I have to go back and forth, make sure no one hurts himself and stand by for the jail nurse as she comes into each unit to give essential medications to various inmates.

 I conduct clothing exchange so that inmates can turn in soiled items for freshly laundered ones. I occasionally escort an inmate out for an interview with an attorney, mental health worker or other official visitor.

 9:45 p.m. I respond to a radio call for help in an adjacent housing unit that was open for “out” time. Two AB-109 inmates who claim local gang affiliations attacked a third inmate because they believed he might be associated with a rival gang.

 AB-109 inmates, named for the 2011 California bill, would have been transferred to state prison, but due to the overcrowding, they are now in county jails. They bring a concentration of criminal sophistication the county jail has not seen before. Some will do time with us for many years.

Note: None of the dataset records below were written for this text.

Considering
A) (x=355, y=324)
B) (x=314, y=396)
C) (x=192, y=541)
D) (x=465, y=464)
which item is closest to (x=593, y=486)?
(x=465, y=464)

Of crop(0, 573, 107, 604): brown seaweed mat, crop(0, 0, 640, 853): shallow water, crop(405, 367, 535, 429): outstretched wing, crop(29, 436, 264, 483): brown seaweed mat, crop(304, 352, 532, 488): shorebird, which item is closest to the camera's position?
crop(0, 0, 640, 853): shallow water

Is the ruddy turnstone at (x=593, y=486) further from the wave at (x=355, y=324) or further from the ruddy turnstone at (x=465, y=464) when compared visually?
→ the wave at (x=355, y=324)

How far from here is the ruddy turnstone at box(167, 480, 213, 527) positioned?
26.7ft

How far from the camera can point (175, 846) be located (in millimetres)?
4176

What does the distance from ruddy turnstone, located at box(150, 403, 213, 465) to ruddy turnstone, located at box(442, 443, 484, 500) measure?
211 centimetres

My eyes start watering and I cough from the OC pepper spray as I run into the unit to help the deputy break up the attack. The attacker strikes me as I try to pull him off the victim. Other deputies and I finally stop the fight and handcuff the attackers. We call for jail nurses to assess those inmates for injuries. As we wait for the nurses, we separate the attackers from the victim and use gallons of water on all three to decontaminate them from the pepper spray. 
 
10 p.m. My partner, who was forced to come in late due to the budget cuts, is reassigned to take the inmate who was just attacked to Valley Medical Center, the county hospital. The deputy in charge of the open unit where the fight occurred takes statements from every inmate in the unit and writes the crime report. I still have to take care of two units and now write a supplemental crime report as to what I saw, who hit me and what my actions were. 
                                                       

2:30 a.m. In between writing, checking on welfare and needing my own 30-minute lunch break, which shrunk to 15 minutes because I had too much to do, I escort the diabetic inmates from the two units to the nursing station.

 

3:05 p.m. An emergency call light in cell 14 goes off. The inmate is upset and in tears. He starts to tell me how he hates being in jail and that he can’t take not being able to be with or talk to his family. I attempt to calm him down but quickly realize that he needs  help. I take the inmate to an interview room and get in touch with mental health workers.

3:55 a.m. All reports from the fight earlier in the shift are finished by now. I start feeding breakfast this early to get both units done before shift change at 6 am. Breakfast has to be over then so inmates can be escorted to court after the day shift completes the first welfare check and inmate counts. 
 
6 a.m. My day shift counterpart is back. I tell him of the night’s events, who did what, who went where and what is still pending. I go to the locker room and change.

 

6:45 a.m. It’s time for my long drive home, headed into the rising sun. I hope I can see my wife and daughters just before they leave to start their days.

 

7:45 a.m. I get home to an empty house. I missed seeing my family again.